Reputation: 993
I have the following C++ code which uses zlib to compress a memory buffer into a gzip encoded stream:
void compress(const std::vector<char>& src)
{
static constexpr int DEFAULT_WINDOW_BITS = 15;
static constexpr int GZIP_WINDOW_BITS = DEFAULT_WINDOW_BITS + 16;
static constexpr int GZIP_MEM_LEVEL = 8;
z_stream stream;
const auto srcData = reinterpret_cast<unsigned char*>(const_cast<char*>(src.data()));
stream.zalloc = Z_NULL;
stream.zfree = Z_NULL;
stream.opaque = Z_NULL;
stream.next_in = srcData;
stream.avail_in = src.size();
auto result = deflateInit2(&stream,
Z_DEFAULT_COMPRESSION,
Z_DEFLATED,
GZIP_WINDOW_BITS,
GZIP_MEM_LEVEL,
Z_DEFAULT_STRATEGY);
if (result == Z_OK)
{
std::vector<char> dest(deflateBound(&stream, stream.avail_in));
const auto destData = reinterpret_cast<unsigned char*>(dest.data());
stream.next_out = destData;
stream.avail_out = dest.size();
result = deflate(&stream, Z_FINISH);
if (result == Z_STREAM_END)
{
std::cout << "Original: " << src.size() << "; compressed: " << dest.size() << std::endl;
}
else
{
std::cerr << "Error when compressing: code " << std::to_string(result);
}
result = deflateEnd(&stream);
if (result != Z_OK)
{
std::cerr << "Error: Cannot destroy deflate stream: code " << std::to_string(result) << std::endl;
}
}
else
{
std::cerr << "Error: Cannot initialize deflate stream: code " << std::to_string(result) << std::endl;
}
}
While the function finishes successfully, I'm getting no compression at all. In fact, for a 3MB file consisting of just the character 'a' repeated multiple times, I get the following:
Original: 3205841; compressed: 3206843
Am I doing something wrong?
(Notice that this is a simplified version of the original code; in practice, I'd be using RAII and exceptions for resource and error handling).
Upvotes: 1
Views: 552
Reputation: 112239
The comments on the question are the answers, so just to record them here for posterity ...
dest.size()
does not, and cannot be changed by deflate()

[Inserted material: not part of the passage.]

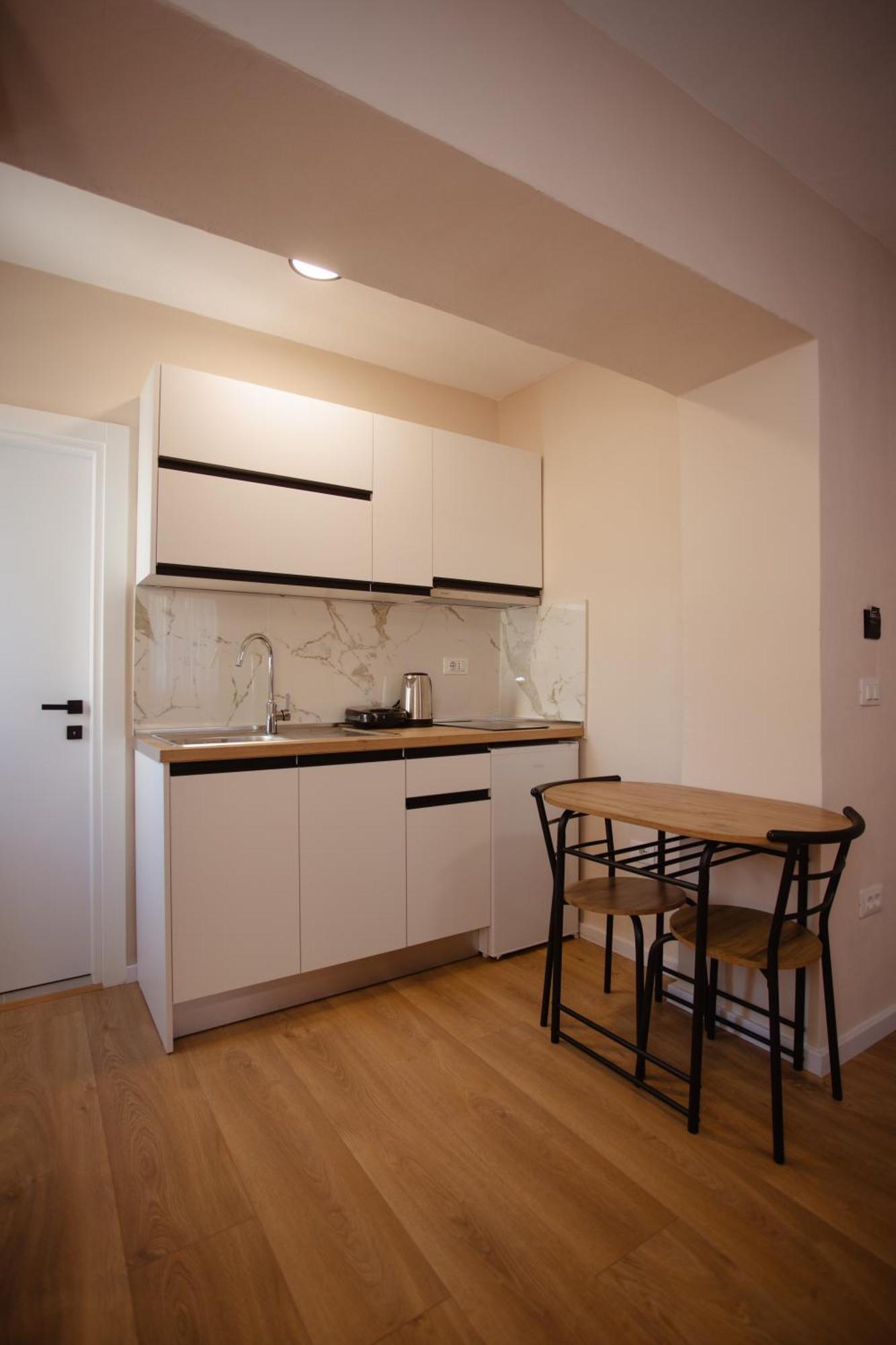 City Center Studio Apartments Shkodër Buitenkant foto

. All you get from dest.size()
is the size of your output buffer before compression. You need to look at something that comes back from the deflate()

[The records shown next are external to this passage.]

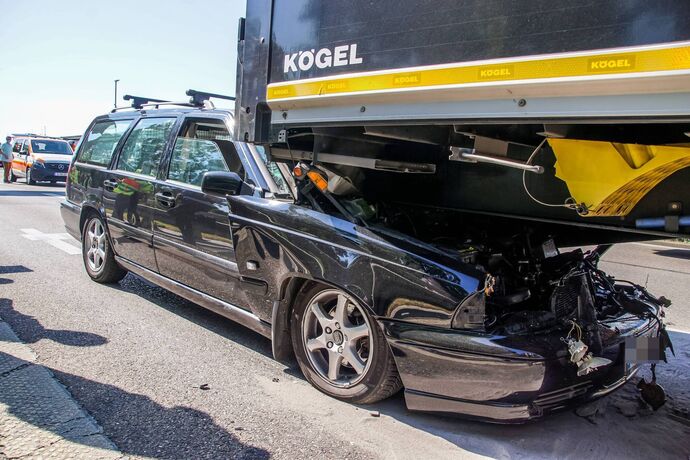 Stuttgart Ost: PKW rast auf B14 in LKW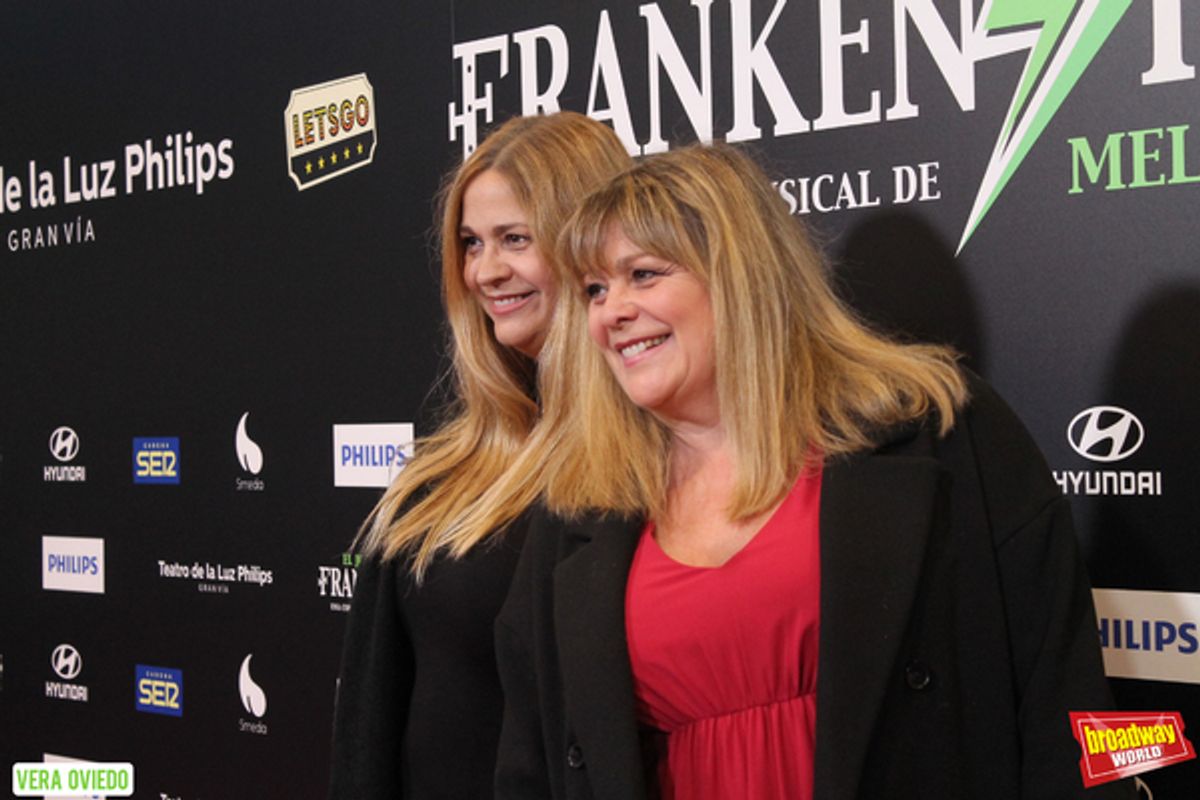 Loreto Valverde y Marta Valverde at 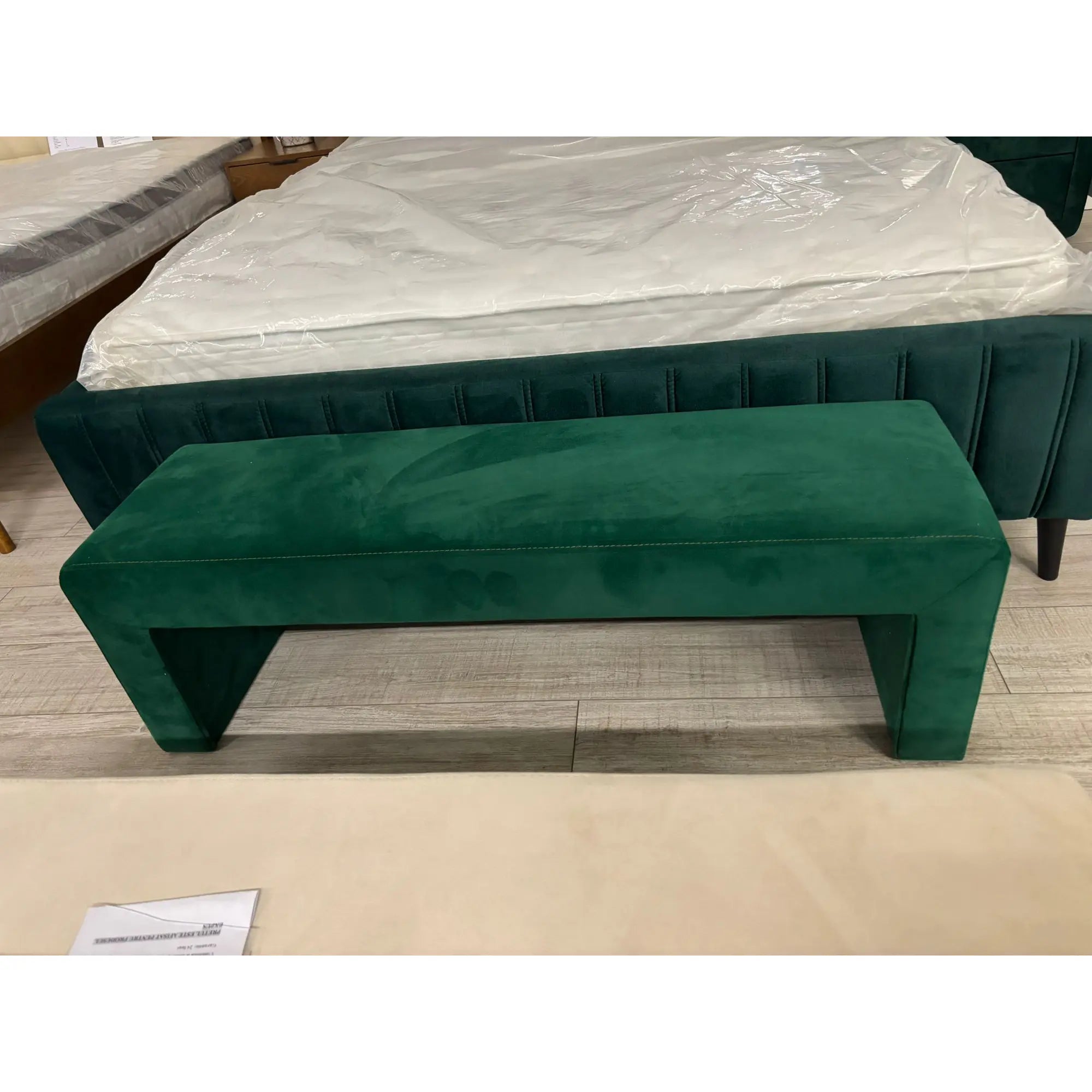 PRODUS RESIGILAT - Bancheta OPERA, verde smarald, stofa catifelata, 141x43x49 cm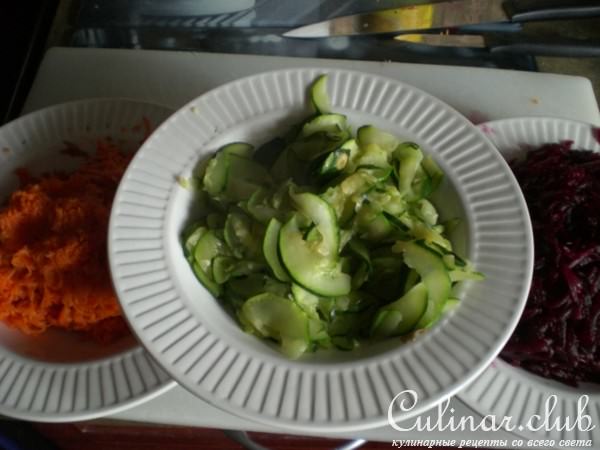 Слоёный овощной салатик с грибным соусом( вариант)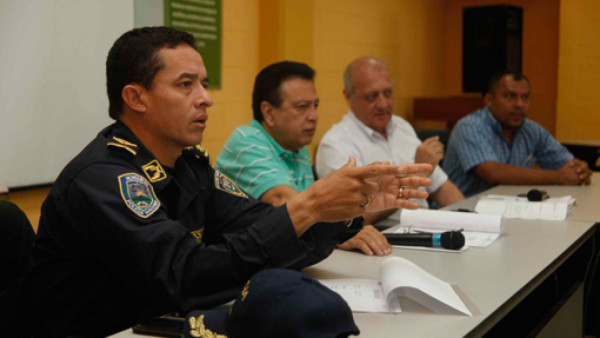 500 policías y cero ingreso de botellas al Honduras-Cuba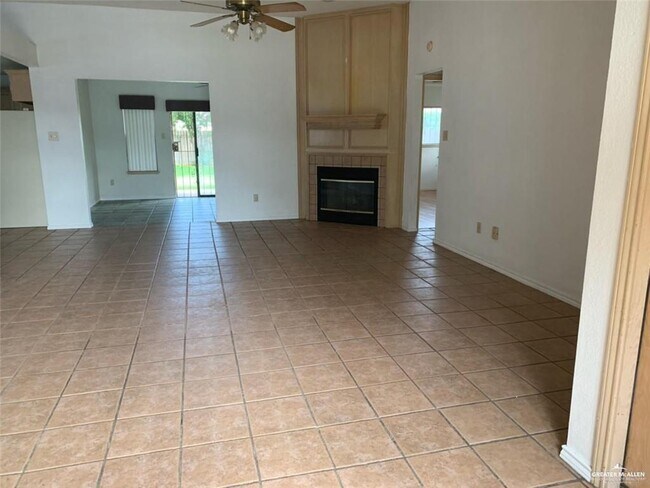 Foto del edificio - 1932 Zenaida Ave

call in order to determine the size of the compressed result. That can be either dest.size() - strm.avail_out
, or strm.total_out
.
Doing the compression in a single call means that you need to fit both the input and output buffer sizes in an unsigned
, which is usually 32 bits. So you are limited to compressing about 4 GB of data. If you might need to do more, then you would need a loop, calling deflate()
for smaller chunks. Possibly much smaller chunks, measured in 10's or 100's of Kbytes. That is the usual way to use deflate()

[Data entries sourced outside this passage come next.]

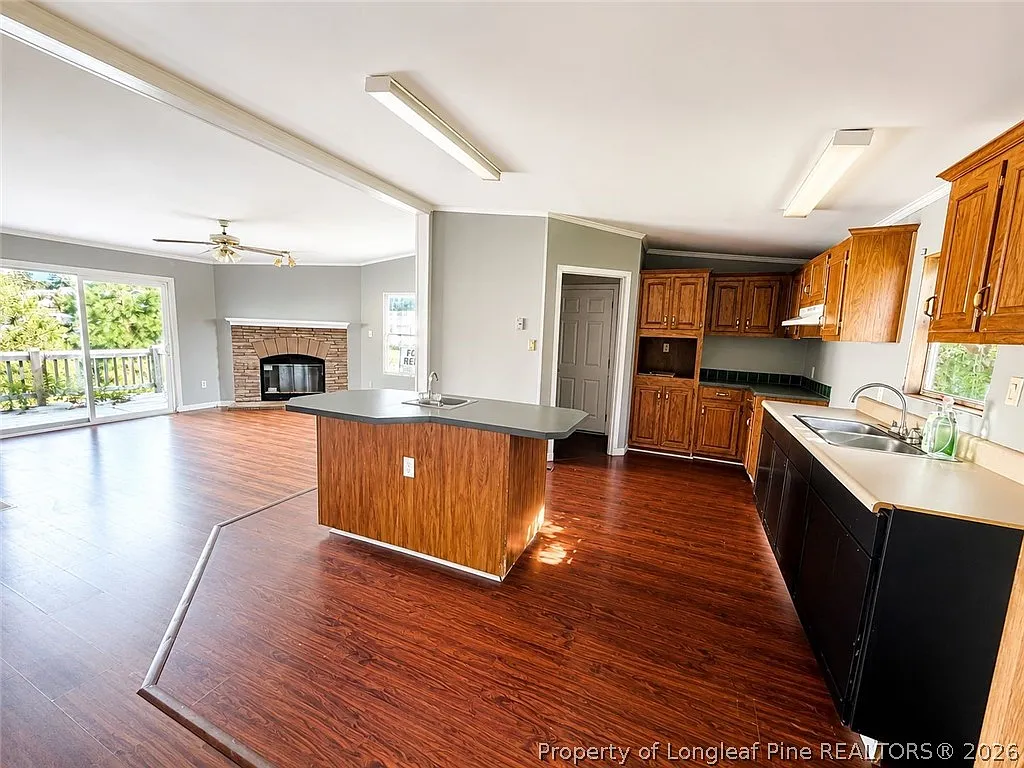 3 bed, 3.0 bath, 1512 sqft, $1,750 — Photo 2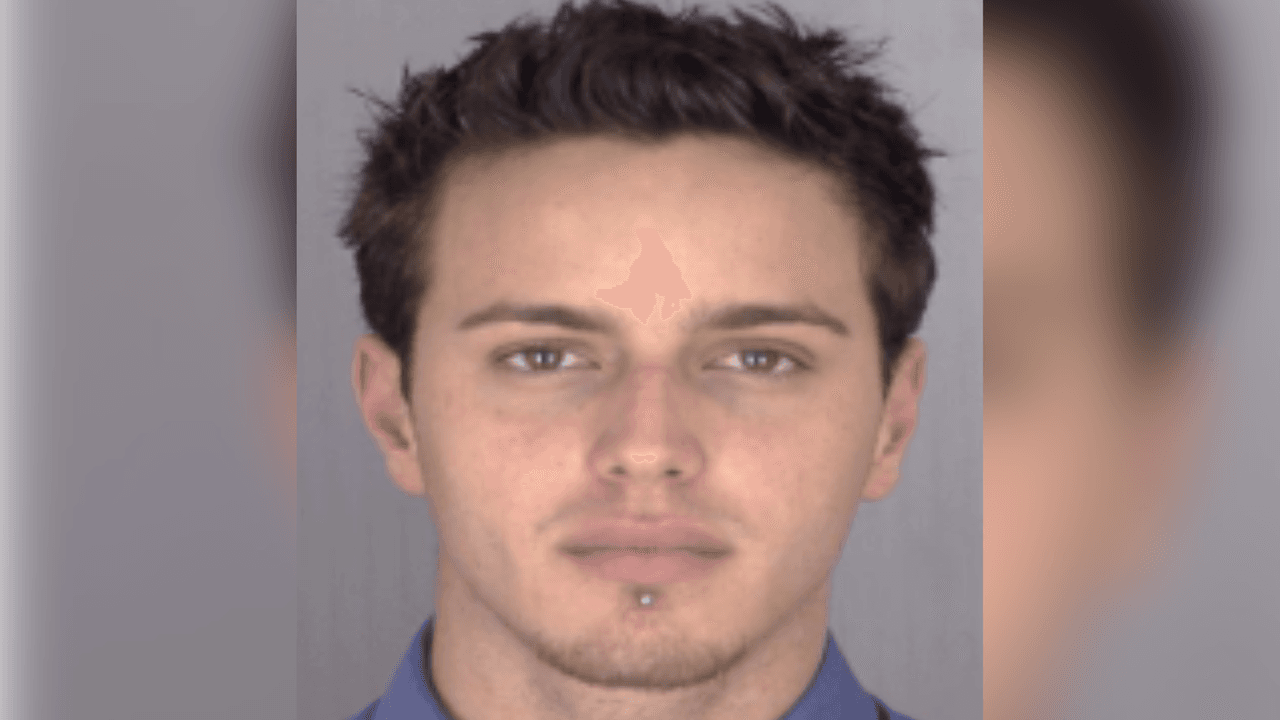 <b>Beau Bumpas</b>, de 43 años, es el
<b>sospechoso principal del incidente</b>. Las autoridades informaron que va a enfrentar el cargo criminal de conducir bajo la influencia del alcohol (DWI, por sus siglas en inglés).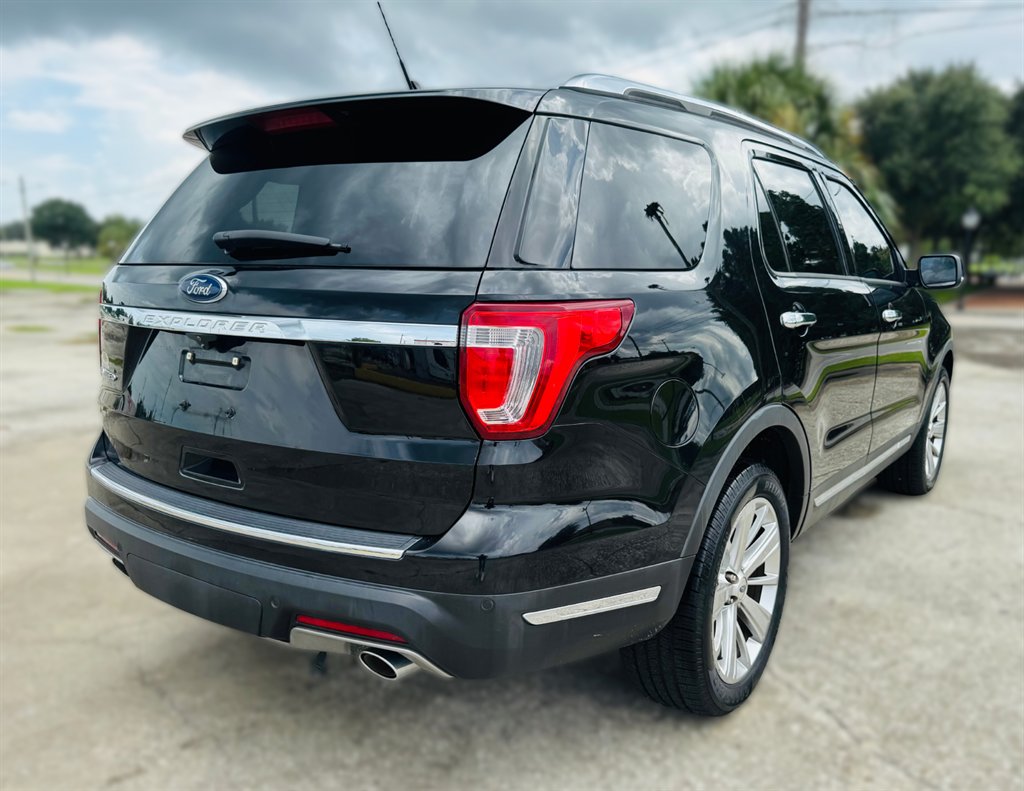 2019 Ford Explorer - $19,995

, since it takes much less memory and keeps your routine from being a resource hog in that regard.
deflateBound()
is specifically for the purpose of supporting the use of a single deflate()
call. It provides an upper bound on the possible compressed size, which can be a smidge larger than the input data. That is the case when the input data is incompressible, e.g. already compressed or random.
Upvotes: 2